Big banks putting first homebuyers at default risk

By Larry Schlesinger | 14 Apr 2009

Major banks are allowing first homebuyers to sign up for mortgages so big they are left paying more than half their net monthly income on loan repayments.

A survey carried out by The Weekend Australian found that the top four banks will lend up to $465,000 to a first time buyer earning a salary of $70,000 a year.

Taking Westpac's current variable mortgage rate of 5.64%, a loan of $465,000 taken over a 30 year term would leave a borrower making monthly repayments of $2,731.

A borrower earning a salary of $70,000 would take home approximately $4,583 a month in after-tax income, leaving a little over $1,850 (or just 39% of net income) - once the mortgage is repaid - for other expenses and living costs.
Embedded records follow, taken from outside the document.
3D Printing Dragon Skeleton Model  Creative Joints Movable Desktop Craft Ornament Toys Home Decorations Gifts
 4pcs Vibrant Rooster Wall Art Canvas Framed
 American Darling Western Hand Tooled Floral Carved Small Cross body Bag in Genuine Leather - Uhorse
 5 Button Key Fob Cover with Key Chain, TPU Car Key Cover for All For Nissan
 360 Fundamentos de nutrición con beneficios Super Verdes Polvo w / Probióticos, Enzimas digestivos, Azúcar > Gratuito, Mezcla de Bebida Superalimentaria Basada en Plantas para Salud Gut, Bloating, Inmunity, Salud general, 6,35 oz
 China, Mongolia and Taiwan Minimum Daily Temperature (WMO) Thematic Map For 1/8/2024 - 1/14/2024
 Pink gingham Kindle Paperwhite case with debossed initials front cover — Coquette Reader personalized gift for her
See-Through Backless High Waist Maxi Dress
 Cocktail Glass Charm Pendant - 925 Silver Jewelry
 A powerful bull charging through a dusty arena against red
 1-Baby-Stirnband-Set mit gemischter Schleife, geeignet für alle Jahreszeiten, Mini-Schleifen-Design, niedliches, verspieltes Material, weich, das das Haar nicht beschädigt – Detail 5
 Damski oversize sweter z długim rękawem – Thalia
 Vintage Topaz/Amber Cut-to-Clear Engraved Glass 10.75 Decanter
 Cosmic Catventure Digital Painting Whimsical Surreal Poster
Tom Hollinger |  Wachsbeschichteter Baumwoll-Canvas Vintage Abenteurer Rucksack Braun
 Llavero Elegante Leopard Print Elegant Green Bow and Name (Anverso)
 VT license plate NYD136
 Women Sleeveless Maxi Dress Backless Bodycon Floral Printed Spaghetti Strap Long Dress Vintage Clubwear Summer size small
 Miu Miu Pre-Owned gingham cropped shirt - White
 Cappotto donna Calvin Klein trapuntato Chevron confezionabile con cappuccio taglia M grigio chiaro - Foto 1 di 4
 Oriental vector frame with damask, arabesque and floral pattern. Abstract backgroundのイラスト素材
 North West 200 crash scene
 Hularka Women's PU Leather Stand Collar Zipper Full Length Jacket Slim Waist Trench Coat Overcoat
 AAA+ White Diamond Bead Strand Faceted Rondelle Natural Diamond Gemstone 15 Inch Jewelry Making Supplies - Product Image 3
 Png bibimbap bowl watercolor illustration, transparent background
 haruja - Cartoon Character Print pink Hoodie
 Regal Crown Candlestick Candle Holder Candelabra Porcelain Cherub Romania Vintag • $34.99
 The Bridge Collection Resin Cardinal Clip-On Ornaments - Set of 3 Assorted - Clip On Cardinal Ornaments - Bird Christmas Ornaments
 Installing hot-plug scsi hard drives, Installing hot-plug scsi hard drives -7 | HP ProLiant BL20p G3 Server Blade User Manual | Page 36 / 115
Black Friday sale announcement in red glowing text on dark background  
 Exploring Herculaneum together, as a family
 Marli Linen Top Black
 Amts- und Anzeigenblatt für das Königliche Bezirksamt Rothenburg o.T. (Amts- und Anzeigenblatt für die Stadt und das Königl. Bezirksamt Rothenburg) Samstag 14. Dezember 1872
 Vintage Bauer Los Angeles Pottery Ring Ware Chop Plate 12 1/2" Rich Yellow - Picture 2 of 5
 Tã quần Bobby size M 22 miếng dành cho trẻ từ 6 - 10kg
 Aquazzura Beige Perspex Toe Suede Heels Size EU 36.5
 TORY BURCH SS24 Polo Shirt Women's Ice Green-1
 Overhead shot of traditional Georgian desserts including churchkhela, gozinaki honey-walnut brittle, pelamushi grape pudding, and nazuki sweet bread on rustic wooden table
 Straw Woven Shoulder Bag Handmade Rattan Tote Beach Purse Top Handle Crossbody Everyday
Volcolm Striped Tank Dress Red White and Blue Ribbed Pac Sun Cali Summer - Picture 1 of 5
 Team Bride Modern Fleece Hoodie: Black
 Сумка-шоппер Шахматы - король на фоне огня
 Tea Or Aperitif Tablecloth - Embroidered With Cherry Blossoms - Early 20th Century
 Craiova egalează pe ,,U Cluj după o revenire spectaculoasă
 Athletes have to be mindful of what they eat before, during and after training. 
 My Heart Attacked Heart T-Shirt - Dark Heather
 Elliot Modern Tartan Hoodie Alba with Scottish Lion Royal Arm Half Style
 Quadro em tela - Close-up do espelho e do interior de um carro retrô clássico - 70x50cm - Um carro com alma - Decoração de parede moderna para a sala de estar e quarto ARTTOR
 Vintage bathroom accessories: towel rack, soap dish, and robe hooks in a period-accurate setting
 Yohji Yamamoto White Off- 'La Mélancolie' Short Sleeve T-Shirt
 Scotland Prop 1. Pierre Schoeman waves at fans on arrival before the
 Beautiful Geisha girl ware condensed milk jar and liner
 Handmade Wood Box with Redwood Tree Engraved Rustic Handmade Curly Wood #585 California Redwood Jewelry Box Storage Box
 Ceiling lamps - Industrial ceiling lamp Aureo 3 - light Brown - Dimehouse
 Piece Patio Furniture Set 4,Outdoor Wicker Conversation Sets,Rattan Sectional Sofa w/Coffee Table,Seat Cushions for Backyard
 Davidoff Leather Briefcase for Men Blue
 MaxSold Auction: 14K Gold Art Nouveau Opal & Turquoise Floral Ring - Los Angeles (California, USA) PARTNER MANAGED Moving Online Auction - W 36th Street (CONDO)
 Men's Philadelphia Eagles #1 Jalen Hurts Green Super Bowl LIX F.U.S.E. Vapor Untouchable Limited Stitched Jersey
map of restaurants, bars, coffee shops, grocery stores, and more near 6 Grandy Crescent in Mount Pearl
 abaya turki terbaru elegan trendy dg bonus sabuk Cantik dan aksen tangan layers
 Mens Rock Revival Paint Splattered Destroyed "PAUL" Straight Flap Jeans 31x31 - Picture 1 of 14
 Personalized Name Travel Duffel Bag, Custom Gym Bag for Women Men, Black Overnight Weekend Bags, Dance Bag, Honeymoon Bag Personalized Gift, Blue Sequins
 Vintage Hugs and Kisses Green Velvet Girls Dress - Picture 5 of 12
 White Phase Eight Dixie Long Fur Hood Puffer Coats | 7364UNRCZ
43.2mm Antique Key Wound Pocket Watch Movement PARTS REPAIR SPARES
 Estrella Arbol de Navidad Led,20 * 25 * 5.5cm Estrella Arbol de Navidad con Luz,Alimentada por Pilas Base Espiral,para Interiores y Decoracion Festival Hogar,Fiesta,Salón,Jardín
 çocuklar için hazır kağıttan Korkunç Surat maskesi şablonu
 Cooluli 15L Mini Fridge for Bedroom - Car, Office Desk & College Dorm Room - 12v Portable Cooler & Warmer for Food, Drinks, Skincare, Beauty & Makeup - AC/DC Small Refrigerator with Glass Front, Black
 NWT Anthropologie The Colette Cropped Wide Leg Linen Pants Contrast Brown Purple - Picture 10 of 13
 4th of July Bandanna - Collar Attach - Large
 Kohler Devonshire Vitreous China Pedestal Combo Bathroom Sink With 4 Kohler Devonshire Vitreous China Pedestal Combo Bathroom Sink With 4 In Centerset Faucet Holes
According to the Australian Bureau of Statistics (ABS), a borrower is suffering mortgage stress when they are paying 30% of their income on a home loan. The loans currently being approved by major banks, according to the survey, mean some borrowers are spending as much as 60% of their disposable income on mortgage repayments.

The survey found that Westpac would lend $465,000 to a first homebuyer earning $70,000, the CBA $444,000 and NAB $380,000 (as well a credit card with an $8,000 limit). The loans are offered on the proviso that borrowers take out mortgage insurance.